Ecclesiastes 12:13 says the whole duty of man is to “fear God and keep His commandments.” Many denominational churches today all practice different things in the name of worship and in an attempt to find solace for the divisive practices in their worship services, they claim that it does not matter “provided God is worshipped” and provided “it is the name of Jesus that is being called upon and not the name of the devil.” Other claims include; “it is not the church that will take you to heaven,” etc. How true are these statements?

We find that in the New Testament, the early Christians worshipped God in a certain way – they continued steadfastly in the apostles’ doctrine and fellowship in the breaking of bread and in prayers. They were also praising God and having favor with all the people and the Lord added to the church daily those who were being saved (Acts 2:42,47). This continuous practice is a collective action of the people and suggests devotion. All through the New Testament, we find one church (Ephesians 4:4) and one doctrine of Christ (II John 9I Timothy 4:16). The Christians were not told to go away after their conversion to join any group of their choice and continue living a good life; rather, they collectively continue to worship God together as a church. It was this same church that spread to all parts of the world through the preaching of the gospel (Acts 1:8Colossians 1:23)

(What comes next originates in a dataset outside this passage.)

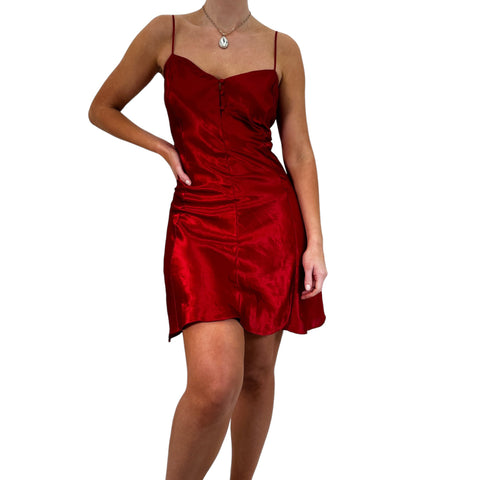 Y2k Vintage Red Satin Slip Maxi Dress [L]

Indeed, it actually matters if and how we worship God. In John 4:23-24, we read; “But the hour is coming, and now is, when the true worshippers will worship the Father in spirit and in truth; for the Father is seeking such to worship Him. God is Spirit and those who worship Him must worship Him in Spirit and in truth.” Two things are worthy of note in this verse;

  1. God wants us to worship Him and
  2. this worship must be in spirit and in truth.

That implies that we must not only be devoted but our worship must be in accordance with His word (John 17:17). What this means is that we do not have the choice or the right to import our own thinking or style of worship. Our worship must be in conformity with what we have read in the New Testament.

In Matthew 7:21, Jesus emphasized that merely calling Him “Lord, Lord” is not enough to take one into the kingdom but one must also be obedient to the will of His Father in heaven. Does God want us to worship Him today? If yes, has He given us a pattern on how to worship Him? Yes, we must abide in the doctrine of Christ (II John 9).

Matthew 15:8-9 reveals certain people whose worship became vain as a result of teaching the commandments of men. “These people draw near to Me with their mouth, And honor Me with their lips, But their heart is far from Me. And in vain they worship Me, Teaching as doctrines the commandments of men.” This indicates that there are certain kinds of doctrines that people teach and practice which will nullify their worship of God and render it unacceptable. In the same vein, I Timothy 4:1-3 lists some unacceptable teachings and refer to them as “doctrines of demons.” We are also informed that some individuals worshipped God ignorantly (Acts 17:23) but only true worshippers are recognized by God and such He seeks.

Dear readers, let us not be mistaken to believe the lie that merely living a good life is enough to guaranty salvation and be pleasing to God. We must also be devoted to God and be obedient to all that God has commanded us as the Great Commission instructs (Matthew 28:20). The church is like the ark of Noah in the Old Testament and only those who have been added into it, and remain faithful till the end will be saved. Christianity is a religion; a pure and undefiled religion for that matter (James 1:27).